The material on this page is from the 1997-98 catalog and may be out of date. Please check the current year's catalog for current information.
Professors Boyles, Ledlie, and Wenzel (on leave, fall semester); Associate Professor Lawson, Chair; Assistant Professors
Côté, and Austin
The chemistry curriculum is sufficiently flexible to allow students with career interests in areas such as the health professions, law, business, and education to design a major program suitable to their goals. Students interested in careers in chemistry or biochemistry will find sufficient chemistry electives to provide a strong background for graduate work, industry, or other positions requiring an in-depth foundation in chemistry. A major in biological chemistry has been developed in conjunction with the biology department. See separate listing under Biological Chemistry for more details. The Department and its curriculum are approved by the American Chemical Society.

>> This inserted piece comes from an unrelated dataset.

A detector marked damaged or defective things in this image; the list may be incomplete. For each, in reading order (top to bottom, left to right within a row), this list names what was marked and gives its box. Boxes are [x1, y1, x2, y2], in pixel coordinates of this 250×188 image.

All students majoring in chemistry are required to meet the following minimum course requirements: Chemistry 107-108, 203, 206, 212, 215, 217-218, 332, and Chemistry 457 and/or 458. Further course and unit selections depend upon the goals and interests of the student. All students preparing for graduate study or for a position in the chemical industry should include in their programs Chemistry 223, 316, and any other advanced courses in their specific area of interest. It should be noted that Chemistry 101 and 102 (no longer offered) may not be used to satisfy the requirements for the major in chemistry and that courses in mathematics and physics are prerequisites for some of the advanced courses in chemistry. A written thesis is required of all majors. This may be either a laboratory or library thesis. Students doing a laboratory thesis may register for Chemistry 457, 458, or both, while students doing a library project may register for Chemistry 457 or 458. Students in the Honors Program must register for 457 and 458. All senior majors must participate in the Department's seminar program. Each major is required to present two seminars during the senior year.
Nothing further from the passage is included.